- Musikot Location in Nepal Musikot Musikot (Nepal)
- Coordinates: 28°11′N 83°21′E﻿ / ﻿28.18°N 83.35°E
- Country: Nepal
- Province: Lumbini Province
- District: Gulmi
- Established: 14 May 2022

Government
- • Type: Mayor-council
- • Mayor: Mr. Jivan Kharel
- • Deputy mayor: Mrs. Ganga Shrestha

Area
- • Total: 114.74 km^{2} (44.30 sq mi)

Population (2021)
- • Total: 28,454
- • Density: 247.99/km^{2} (642.28/sq mi)
- Time zone: UTC+5:45 (NST)
- Website: official website

= Musikot, Gulmi =

Musikot (मुसिकोट) is an urban municipality located in Gulmi District of Lumbini Province of Nepal.

The total area of the municipality is 114.74 km2 and the total population of the municipality as of 2011 Nepal census is 32,802 individuals. The municipality is divided into total 9 wards.

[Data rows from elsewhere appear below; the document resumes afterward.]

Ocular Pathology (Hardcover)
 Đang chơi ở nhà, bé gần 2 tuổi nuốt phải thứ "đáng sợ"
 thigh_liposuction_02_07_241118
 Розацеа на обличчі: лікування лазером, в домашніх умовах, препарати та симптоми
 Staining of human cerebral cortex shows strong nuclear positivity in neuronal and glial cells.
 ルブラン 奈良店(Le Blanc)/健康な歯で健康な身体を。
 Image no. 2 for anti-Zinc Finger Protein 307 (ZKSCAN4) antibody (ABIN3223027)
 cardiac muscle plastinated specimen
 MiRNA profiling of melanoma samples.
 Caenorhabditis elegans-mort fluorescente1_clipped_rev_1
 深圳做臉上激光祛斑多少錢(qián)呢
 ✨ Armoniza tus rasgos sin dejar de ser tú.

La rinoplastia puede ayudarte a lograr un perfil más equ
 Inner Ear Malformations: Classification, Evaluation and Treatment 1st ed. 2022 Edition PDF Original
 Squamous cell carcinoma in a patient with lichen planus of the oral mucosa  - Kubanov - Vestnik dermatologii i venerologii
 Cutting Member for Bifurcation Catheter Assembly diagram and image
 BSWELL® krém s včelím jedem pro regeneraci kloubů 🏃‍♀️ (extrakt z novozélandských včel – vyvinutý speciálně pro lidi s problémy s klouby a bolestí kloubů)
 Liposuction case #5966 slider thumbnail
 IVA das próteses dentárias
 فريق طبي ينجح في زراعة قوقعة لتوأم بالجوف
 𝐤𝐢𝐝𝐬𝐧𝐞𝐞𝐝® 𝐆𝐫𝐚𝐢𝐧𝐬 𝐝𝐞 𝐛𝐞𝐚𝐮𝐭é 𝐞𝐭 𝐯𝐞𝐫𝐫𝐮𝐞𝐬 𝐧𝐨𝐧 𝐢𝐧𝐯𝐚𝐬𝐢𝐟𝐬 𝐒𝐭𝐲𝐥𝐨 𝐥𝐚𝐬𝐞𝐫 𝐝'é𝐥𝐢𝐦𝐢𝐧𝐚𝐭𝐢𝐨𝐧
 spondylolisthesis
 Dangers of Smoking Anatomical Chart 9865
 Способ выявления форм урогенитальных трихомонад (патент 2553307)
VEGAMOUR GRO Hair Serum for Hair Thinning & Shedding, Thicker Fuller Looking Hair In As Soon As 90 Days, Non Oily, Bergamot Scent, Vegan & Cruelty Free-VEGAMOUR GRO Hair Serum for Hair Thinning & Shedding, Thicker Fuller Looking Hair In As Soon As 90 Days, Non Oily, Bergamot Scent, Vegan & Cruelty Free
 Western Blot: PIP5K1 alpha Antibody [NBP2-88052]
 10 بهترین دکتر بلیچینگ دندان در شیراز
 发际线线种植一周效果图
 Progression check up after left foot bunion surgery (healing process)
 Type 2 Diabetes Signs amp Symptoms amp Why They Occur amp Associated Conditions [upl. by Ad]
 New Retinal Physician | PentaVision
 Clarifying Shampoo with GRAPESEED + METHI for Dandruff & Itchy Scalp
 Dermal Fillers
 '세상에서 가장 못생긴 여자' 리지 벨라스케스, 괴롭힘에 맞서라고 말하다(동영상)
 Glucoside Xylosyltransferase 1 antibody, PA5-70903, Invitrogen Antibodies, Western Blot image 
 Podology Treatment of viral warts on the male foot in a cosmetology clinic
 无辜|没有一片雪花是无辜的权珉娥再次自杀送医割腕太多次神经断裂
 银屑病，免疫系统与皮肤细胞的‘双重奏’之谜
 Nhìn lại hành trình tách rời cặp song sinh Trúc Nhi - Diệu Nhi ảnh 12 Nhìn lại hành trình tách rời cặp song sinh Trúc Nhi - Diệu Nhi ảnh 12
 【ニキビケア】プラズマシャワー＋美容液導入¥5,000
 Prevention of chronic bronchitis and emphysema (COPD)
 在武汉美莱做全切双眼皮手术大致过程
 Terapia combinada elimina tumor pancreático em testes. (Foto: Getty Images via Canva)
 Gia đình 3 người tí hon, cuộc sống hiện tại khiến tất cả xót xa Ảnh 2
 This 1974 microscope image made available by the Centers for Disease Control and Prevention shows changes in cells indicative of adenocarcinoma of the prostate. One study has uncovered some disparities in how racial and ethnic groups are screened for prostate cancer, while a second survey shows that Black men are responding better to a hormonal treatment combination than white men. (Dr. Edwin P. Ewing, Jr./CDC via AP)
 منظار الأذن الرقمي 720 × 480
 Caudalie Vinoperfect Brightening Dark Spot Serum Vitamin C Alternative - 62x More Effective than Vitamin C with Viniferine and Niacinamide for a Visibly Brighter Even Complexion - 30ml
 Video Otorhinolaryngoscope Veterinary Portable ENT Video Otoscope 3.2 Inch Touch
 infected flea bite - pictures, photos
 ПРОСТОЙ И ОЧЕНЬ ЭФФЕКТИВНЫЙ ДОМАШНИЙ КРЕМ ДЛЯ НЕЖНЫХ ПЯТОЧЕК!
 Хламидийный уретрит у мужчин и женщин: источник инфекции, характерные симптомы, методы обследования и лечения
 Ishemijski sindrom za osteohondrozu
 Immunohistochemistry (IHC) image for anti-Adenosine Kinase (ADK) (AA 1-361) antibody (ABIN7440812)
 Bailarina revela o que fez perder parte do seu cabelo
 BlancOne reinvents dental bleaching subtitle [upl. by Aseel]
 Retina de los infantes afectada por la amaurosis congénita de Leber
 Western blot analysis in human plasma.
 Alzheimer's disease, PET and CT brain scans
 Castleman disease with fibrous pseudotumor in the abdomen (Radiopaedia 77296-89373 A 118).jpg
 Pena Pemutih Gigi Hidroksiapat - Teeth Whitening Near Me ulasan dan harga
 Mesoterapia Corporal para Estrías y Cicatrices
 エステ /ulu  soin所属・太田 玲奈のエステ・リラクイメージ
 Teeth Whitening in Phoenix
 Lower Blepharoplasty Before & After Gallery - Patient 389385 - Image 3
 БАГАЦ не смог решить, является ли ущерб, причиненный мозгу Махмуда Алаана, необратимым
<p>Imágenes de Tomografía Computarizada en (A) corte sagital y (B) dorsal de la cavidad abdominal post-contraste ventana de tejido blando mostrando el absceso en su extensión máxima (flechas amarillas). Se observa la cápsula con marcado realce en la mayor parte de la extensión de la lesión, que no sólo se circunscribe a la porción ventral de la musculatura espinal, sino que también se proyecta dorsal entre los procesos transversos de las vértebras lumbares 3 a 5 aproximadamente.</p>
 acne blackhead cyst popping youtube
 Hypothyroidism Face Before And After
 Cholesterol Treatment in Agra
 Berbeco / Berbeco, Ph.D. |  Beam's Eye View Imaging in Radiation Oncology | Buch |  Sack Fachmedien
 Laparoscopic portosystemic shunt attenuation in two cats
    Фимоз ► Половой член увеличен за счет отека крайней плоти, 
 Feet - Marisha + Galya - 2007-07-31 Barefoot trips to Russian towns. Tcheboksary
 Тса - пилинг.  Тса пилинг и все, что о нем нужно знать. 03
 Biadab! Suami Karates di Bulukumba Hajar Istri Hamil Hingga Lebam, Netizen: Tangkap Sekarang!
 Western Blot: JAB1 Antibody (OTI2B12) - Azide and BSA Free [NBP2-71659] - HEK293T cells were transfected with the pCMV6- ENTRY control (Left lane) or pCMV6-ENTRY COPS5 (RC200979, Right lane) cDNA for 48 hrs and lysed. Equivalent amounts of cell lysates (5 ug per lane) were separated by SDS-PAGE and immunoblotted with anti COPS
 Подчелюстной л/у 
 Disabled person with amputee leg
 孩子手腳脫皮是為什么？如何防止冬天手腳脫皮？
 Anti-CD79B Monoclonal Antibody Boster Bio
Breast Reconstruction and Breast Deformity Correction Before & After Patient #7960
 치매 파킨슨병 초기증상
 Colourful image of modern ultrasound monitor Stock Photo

On 10 March 2017 Government of Nepal announced 744 local level units as per the new constitution of Nepal 2015, Musikot municipality came into existence merging following former VDCs: Arlangkot, Paudi Amarahi, Musikot, Badagaun, Aanpchaur, Kurgha, Wami Taksar and some parts of Neta. The headquarters of the municipality are located at Wami Taksar.

==Demographics==

According to the 2021 Nepal census, the linguistic composition of Musikot Municipality was as follows: 97.2% of the population spoke Nepali as their first language, 1.1% spoke Nepalbhasha (Newari), 1.0% spoke Gurung, 0.3% spoke Bhojpuri, 0.2% spoke Magar Dhut, 0.1% spoke Tharu, 0.05% spoke Tamang, and 0.2% spoke other languages.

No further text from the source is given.